● **GIVEN INFORMATION**
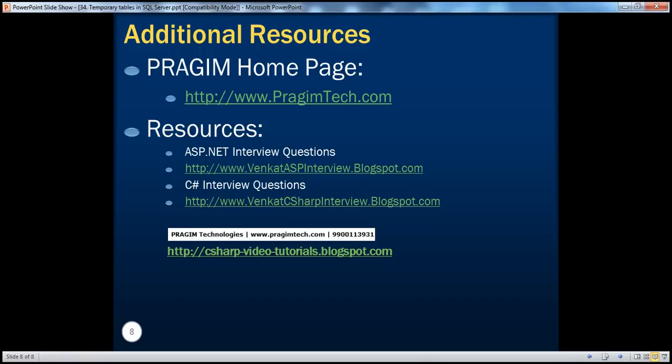On this slide you can find resources for ASP.NET and C# interview questions. If you want to receive email alerts when new videos are uploaded, please subscribe to the channel. That's it for today. Thank you for listening. Have a great day.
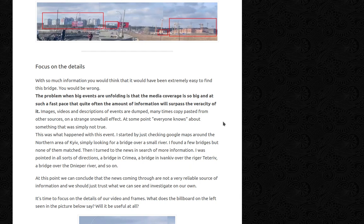I started by checking Google Maps around the northern area of Kyiv, simply looking for a bridge over a small river. I found a few bridges, but none of them matched. Turning to the news for more information, I was pointed in all sorts of directions — a bridge in Crimea, a bridge in Ivankiv over the river Teteriv, a bridge over the Dnieper river, and so on. We can conclude that the news is not a reliable source; we should trust what we can see and investigate on our own.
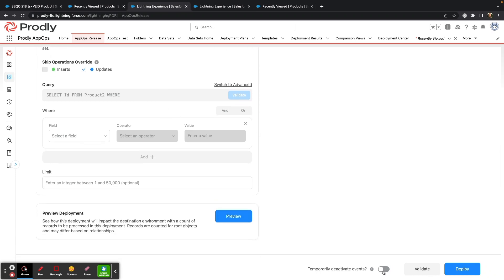Last thing before deploying is to temporarily deactivate all events. This way, any automation rules you have set up won't trigger with this deployment. Once the deployment is over, those automation rules will be turned back on.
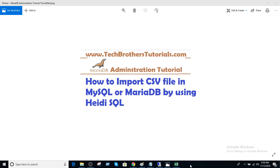Welcome to Tech Brothers with Amir. In this video, we are going to learn how to import a CSV file into MySQL or MariaDB by using HeidiSQL.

● **AIM OF THE EXERCISE**
The answer should contain only the lines from the beginning of the material above through the line with "I started by", retyped exactly, with the pictures removed.

● **TASK RESULT**
On this slide you can find resources for ASP.NET and C# interview questions. If you want to receive email alerts when new videos are uploaded, please subscribe to the channel. That's it for today. Thank you for listening. Have a great day.
I started by checking Google Maps around the northern area of Kyiv, simply looking for a bridge over a small river. I found a few bridges, but none of them matched. Turning to the news for more information, I was pointed in all sorts of directions — a bridge in Crimea, a bridge in Ivankiv over the river Teteriv, a bridge over the Dnieper river, and so on. We can conclude that the news is not a reliable source; we should trust what we can see and investigate on our own.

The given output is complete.